[Opening Dataset content section]
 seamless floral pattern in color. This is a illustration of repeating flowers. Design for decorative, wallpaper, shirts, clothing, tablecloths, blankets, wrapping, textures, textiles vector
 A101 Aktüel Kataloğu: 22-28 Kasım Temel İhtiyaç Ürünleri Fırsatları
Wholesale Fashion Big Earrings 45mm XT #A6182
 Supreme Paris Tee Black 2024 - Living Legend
[Closing Dataset content section]
[Opening Dataset content section]
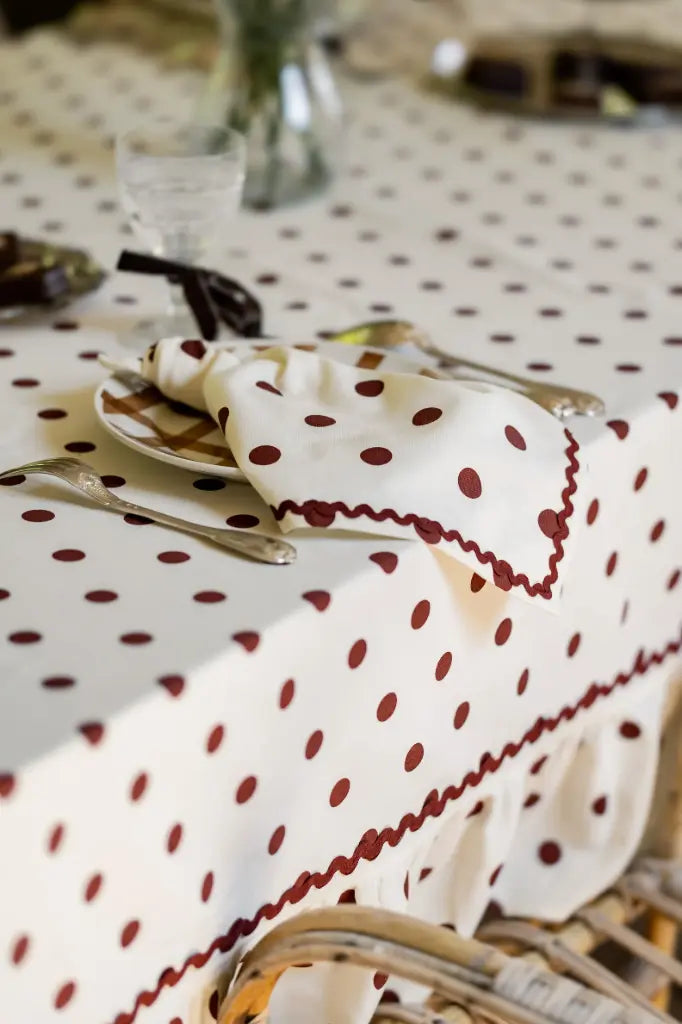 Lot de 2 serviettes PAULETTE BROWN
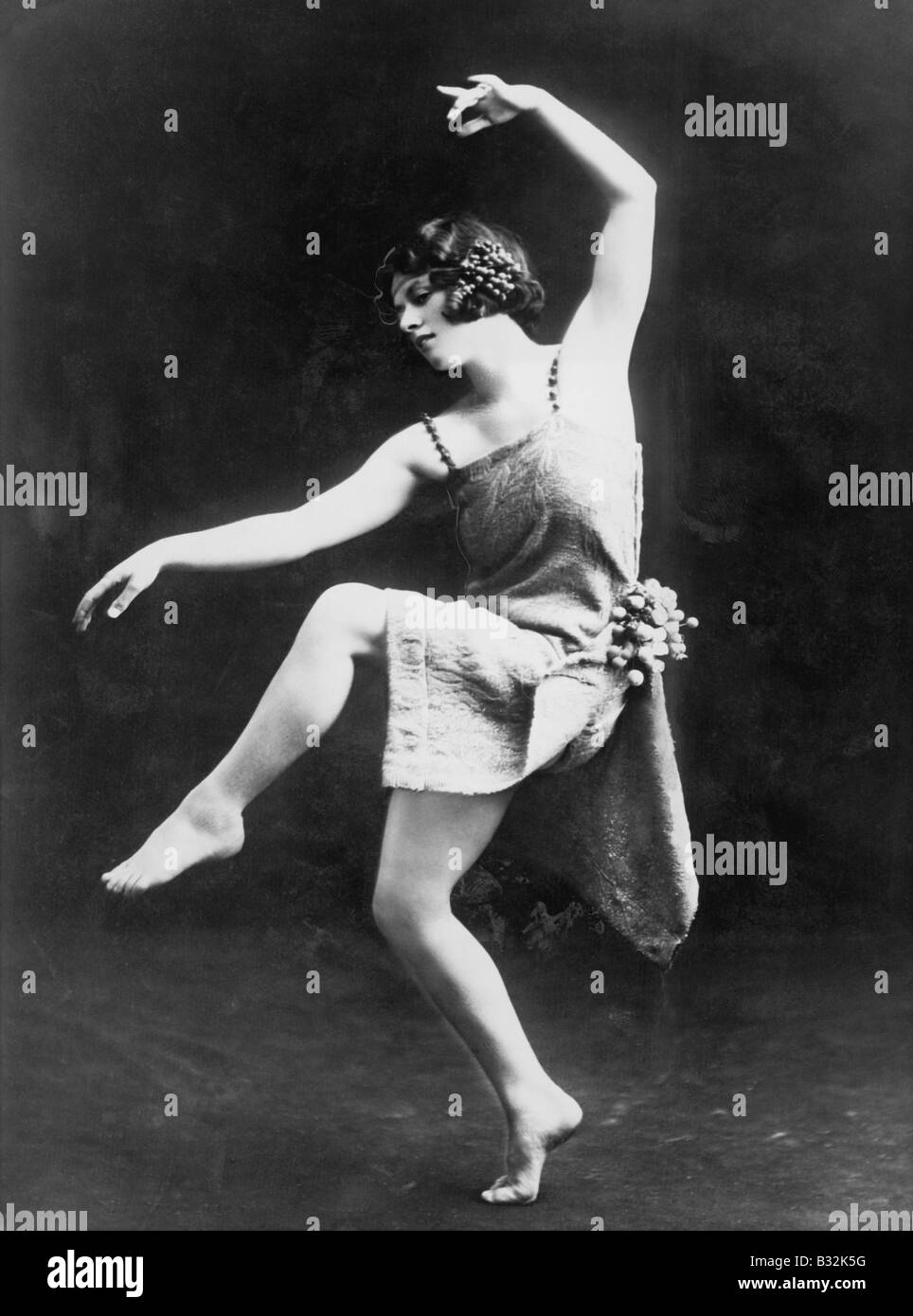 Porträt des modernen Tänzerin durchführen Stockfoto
[Closing Dataset content section]
Keeping every character as it is, restate the lines above that run from the line with "A101 Aktüel Kataloğu: 22-28" through the line with "Supreme Paris Tee Black 2024 - Living Legend", both included, and nothing else.

 A101 Aktüel Kataloğu: 22-28 Kasım Temel İhtiyaç Ürünleri Fırsatları
Wholesale Fashion Big Earrings 45mm XT #A6182
 Supreme Paris Tee Black 2024 - Living Legend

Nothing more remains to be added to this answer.